EXERCISE DETAILS:
From the line with "Hot Air Balloon" through the line with "格安 販売 ☆中古☆PENTAX ペンタックスK2 カメラ本体 ボディ/smc", repeat the entries verbatim, both end lines included, and add nothing.

GIVEN RECORDS:

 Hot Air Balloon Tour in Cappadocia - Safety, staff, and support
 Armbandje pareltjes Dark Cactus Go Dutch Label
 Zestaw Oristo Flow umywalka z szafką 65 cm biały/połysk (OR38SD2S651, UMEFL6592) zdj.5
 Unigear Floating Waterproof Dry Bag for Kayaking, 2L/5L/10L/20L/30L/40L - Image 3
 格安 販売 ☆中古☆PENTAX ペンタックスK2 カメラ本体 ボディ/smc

--

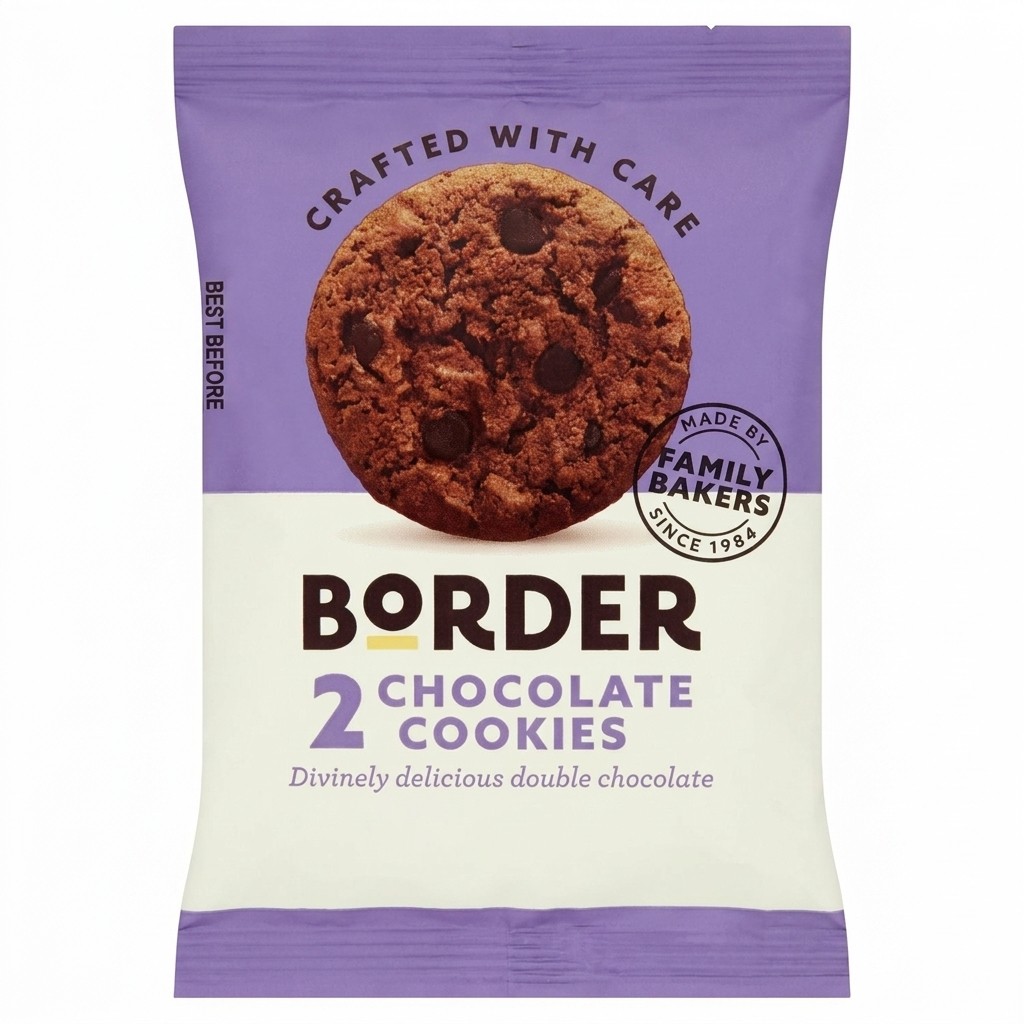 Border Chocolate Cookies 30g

WRITTEN SOLUTION:
 Hot Air Balloon Tour in Cappadocia - Safety, staff, and support
 Armbandje pareltjes Dark Cactus Go Dutch Label
 Zestaw Oristo Flow umywalka z szafką 65 cm biały/połysk (OR38SD2S651, UMEFL6592) zdj.5
 Unigear Floating Waterproof Dry Bag for Kayaking, 2L/5L/10L/20L/30L/40L - Image 3
 格安 販売 ☆中古☆PENTAX ペンタックスK2 カメラ本体 ボディ/smc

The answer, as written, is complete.